For those who doubt we were not the GP, you can run 'git log' in the sourcecode. We had no responsibility to take on payments, but we did (and finalised the formation of Bitcoinica Consultancy to do so).  

So you guys finalized the formation of Bitcoinica Consultancy, but not as the GP? Then as what? A charitable organization?

It would appear that a lot of misinformation has circulated since the date of my last post. Considering the many inconsistencies, I will assume astute readers here have already discounted the versions of facts presented by the Consultancy.

The Consultancy members accepted that responsibility on April 24 as operators and General Partners of Bitcoinica LP. There is ample written documentation to confirm this.  

The statements of Genjix and Tihan seem to conflict here. So we still don't know who the GP is and customers continue to suffer due to corporate infighting. Or maybe it is just me that is clueless?

I think that the position of the Intersango guys was that weren't technically general partners at the time of the Rackspace intrusion because the paperwork for establishing Bitcoinica Consultancy hadn't been completed and that therefore they had neither any liability for the intrusion nor any authority to initiate the claims process.  Tihan's position was that they did have both liability and authority and that not completing the paperwork would be regarded as an attempt to avoid that liability.
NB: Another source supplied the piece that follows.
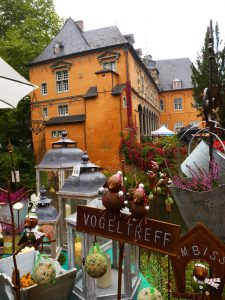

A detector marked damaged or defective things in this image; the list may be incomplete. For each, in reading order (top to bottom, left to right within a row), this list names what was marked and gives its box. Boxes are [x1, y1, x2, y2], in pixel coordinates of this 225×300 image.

While you're always liable if you're on the corporate documents, whether or not you're actively participating in the business, not being on the corporate documents doesn't necessarily protect you from liability if you've been essentially acting as a director.  The announcement had already been made that Bitcoinica Consultancy would be acting as general partner and operating the business from 24 April and as far as we know they were actually doing that when the Rackspace intrusion occurred - which may mean they would be found to have been acting as directors of the  general partner whether or not the paperwork had been signed.
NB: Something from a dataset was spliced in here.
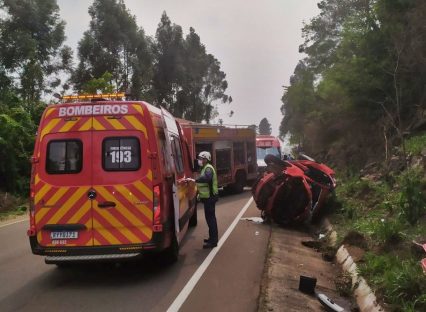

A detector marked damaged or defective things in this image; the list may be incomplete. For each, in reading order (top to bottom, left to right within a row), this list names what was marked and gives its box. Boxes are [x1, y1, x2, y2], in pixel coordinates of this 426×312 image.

crashed red car [253, 154, 336, 224]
The Intersango guys are essentially saying "we did everyone a favour by signing the paperwork to create Bitcoinica Consultancy so we could handle the claims process - and we weren't legally obliged to do that".  In fact, much discussion has gone on about what people weren't legally obliged to do - Tihan covering the Rackspace losses, Zhou helping rebuild records after the Rackspace intrusion, the Intersango handling the claims process.  There's been much less discussion of how each of the parties intends to proceed now and that probably won't be known until they've received legal advice on where they each stand in terms of liability, not just to users but also to each other.